— EXERCISE MATERIALS —
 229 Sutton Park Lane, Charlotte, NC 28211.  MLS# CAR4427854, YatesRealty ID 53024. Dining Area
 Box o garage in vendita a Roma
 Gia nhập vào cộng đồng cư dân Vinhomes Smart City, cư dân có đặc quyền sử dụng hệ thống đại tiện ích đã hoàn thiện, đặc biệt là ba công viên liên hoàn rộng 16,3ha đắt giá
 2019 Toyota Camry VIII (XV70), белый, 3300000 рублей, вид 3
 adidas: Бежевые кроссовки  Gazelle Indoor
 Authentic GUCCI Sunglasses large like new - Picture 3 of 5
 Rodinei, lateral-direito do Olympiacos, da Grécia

— WHAT THE TASK ASKS —
Only the lines from the one containing "Box o garage in vendita a Roma" through the last line of the records above are to be reproduced, exactly and with both ends included.

— RESPONSE FOR THIS EXERCISE —
 Box o garage in vendita a Roma
 Gia nhập vào cộng đồng cư dân Vinhomes Smart City, cư dân có đặc quyền sử dụng hệ thống đại tiện ích đã hoàn thiện, đặc biệt là ba công viên liên hoàn rộng 16,3ha đắt giá
 2019 Toyota Camry VIII (XV70), белый, 3300000 рублей, вид 3
 adidas: Бежевые кроссовки  Gazelle Indoor
 Authentic GUCCI Sunglasses large like new - Picture 3 of 5
 Rodinei, lateral-direito do Olympiacos, da Grécia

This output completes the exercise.